Sekadau (Antara Kalbar) - Pemerintah Pusat baru saja menerbitkan Permendikbud nomor 23 tahun 2017 tentang Hari Sekolah tanggal 12 Juni. Pasal 2 ayat (1) diatur sekolah 8 jam dalam satu hari, atau 40 jam dalam 5 hari (Senin-Jumat).

Keputusan tersebutpun menuai pro dan kontra lantaran banyak anak daerah yang menempuh pendidikan masih menumpang di rumah warga atau kolega. 
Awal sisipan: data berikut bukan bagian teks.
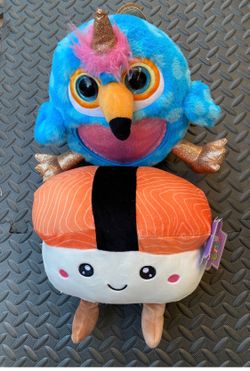 Bundle(2) Blue Unicorn Owl Plush & Kawaii Sushi Plush Stuffed Animal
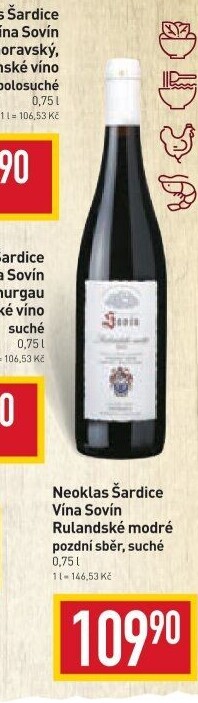 Víno Rulandské modré Vinný sklep Sovín - pozdní sběr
"Kondisi di daerah dengan perkotaan berbeda. Pertama, soal biaya hidup anak, misalnya jajan anak yang mungkin harus ditambah. Kedua, soal kesejahteraan guru apakah sudah berimbang. Kemudian sarana prasarana misal tempat sembahyang memadai atau tidak," tutur Kepala SMA Karya Sekadau, Sumardi. 

Sumardi mengatakan, ada juga anak yang tinggal dengan orang, kalau pulang sekolah jam 3 sore kapan mau bantu-bantu. Namun apapun keputusan pemerintah tetap harus ditaati.

"Tapi itu, kalau bisa dipertimbangkan lah. Kita juga mengaku belum memahami secara persis seperti apa metode teknis pelaksanaan pola sekolah yang baru tersebut. Belum tahu kita, belum ada sosialisasi atau workshop, jadi kita pun belum jelas," tutupnya. 

Sementara itu, Albinus, Kepala SMPN 1 Sekadau Hilir menyatakan kesiapannya menerapkan aturan tersebut jika memang akan diimplementasikan dalam waktu dekat.

"Kita tidak ada masalah. Secara teknis sebetulnya kita sudah tiadakan belajar hari sabtu, hanya ekstrakulikuler. Sapras apa adanya saja. Yang jelas kan jam belajar tidak bertambah, hanya harinya saja yang dikurangi," kata Albinus.